- Born: United States
- Occupation: Writer
- Writing career
- Language: English
- Years active: 1994–present
- Genres: Screenwriting, video game writing

= Marianne Krawczyk =

American writer

Marianne Krawczyk (/ˈkrɔːzɪk/; born June 24, 1964) is a screenwriter and video game writer. She wrote the screenplay for Appleseed Alpha (2014), based on the manga by Masamune Shirow and directed by Shinji Aramaki. Krawczyk is best known for writing the installments of the God of War video game franchise, from its start in 2005, until 2015. She won a BAFTA Game Award for Best Story and Character for her work on God of War II (2007).

==Video game writing==
Krawczyk started her career serving as a co-dialogue writer on the game Area 51 (2005).

===God of War series===
While based at Sony in Santa Monica, Krawczyk wrote the first God of War (2005) game, and also wrote or helped write God of War II (2007), God of War: Betrayal (2007), God of War: Chains of Olympus (2008), God of War III (2010), God of War: Ghost of Sparta (2010), and God of War: Ascension (2013). For her writing work on God of War II, she was awarded a BAFTA Game Award for Best Story and Character, along with co-writers Cory Barlog and David Jaffe. At the 2011 WGA Awards, she and co-writers Stig Asmussen, Ariel Lawrence, and William Weissbaum were nominated for Video Game Writing Awards due to their writing work on God of War III. At the 2014 WGA Awards, she and co-writer Ariel Lawrence were nominated for "Outstanding Achievement in Writing: Video Game Writing" for their work on God of War: Ascension. She also helped write the graphic novel prequel story for God of War: Ascension called Rise of the Warrior.

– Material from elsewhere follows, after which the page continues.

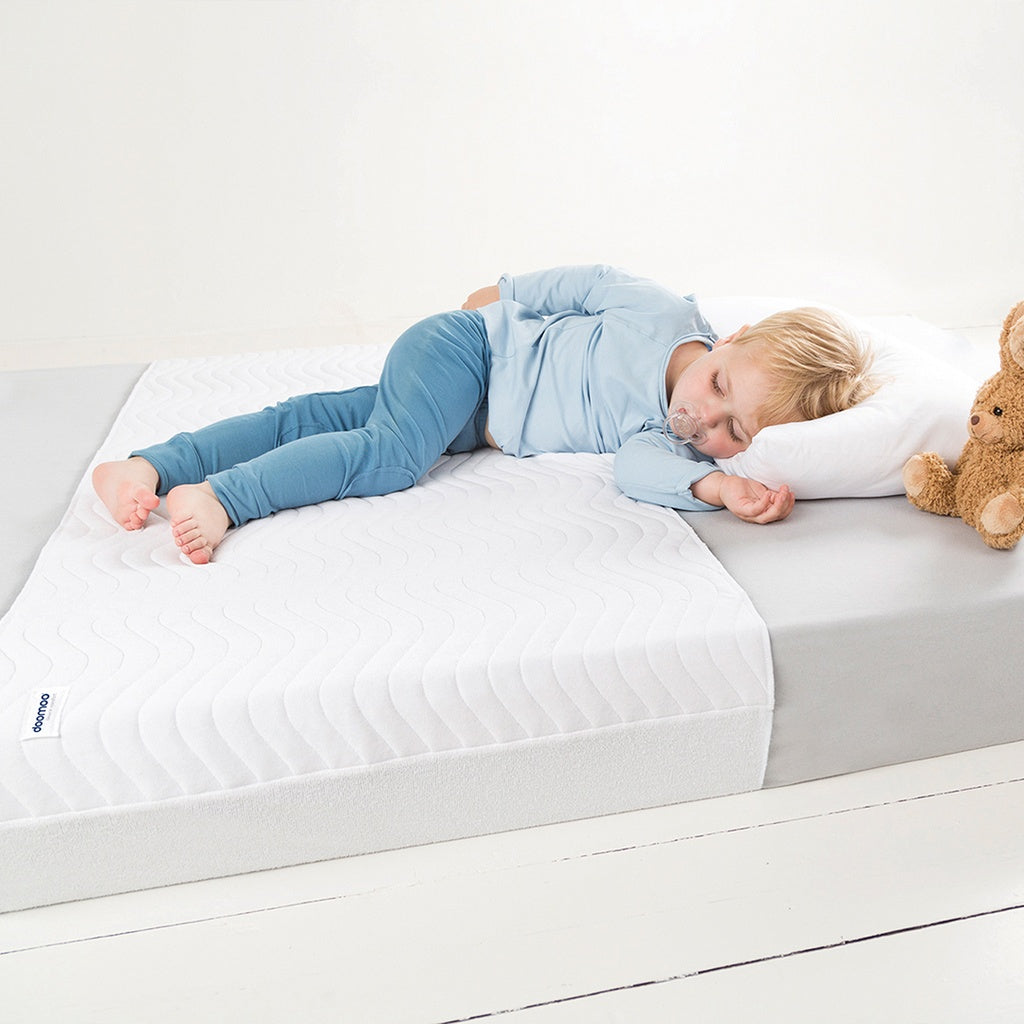 Roll About Doomoo Madrasskydd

Krawczyk also had a hand in writing the short series of novels collectively known as God of War: The Lost World, which ran in the game's official website in 2008, shortly prior to the release of God of War: Chains of Olympus, as part of a mini-game called 'The Temple of Helios'.

===Other games===
Krawczyk has also written The Sopranos: Road to Respect (2006), Shank (2010), Shank 2 (2012), Skylanders: Spyro's Adventure (2011), Star Trek (2013) and The Long Dark (2015). Krawczyk has written or helped write games in the Far Cry and Prince of Persia series (particularly serving as a story and dialogue editor in Prince of Persia: The Sands of Time), wrote Field Commander (2006), was a cinematic and dialogue writer for Untold Legends: The Warrior's Code, served as a researcher on L.A. Noire, and was a story consultant on Watch Dogs. She has also written for Knack 2.

==Screenwriting==
Krawczyk also wrote the screenplay for the CG anime film Appleseed Alpha, based on the manga by Masamune Shirow and directed by Shinji Aramaki. The film was well-received upon its release in 2014. Krawczyk has also served as an assistant to producers for the TV show Sweet Valley High from 1994–1995.

==Miscellaneous==
Krawczyk has also taught a Professional Program course in "Video Game Writing" at the UCLA School of Theater, Film and Television.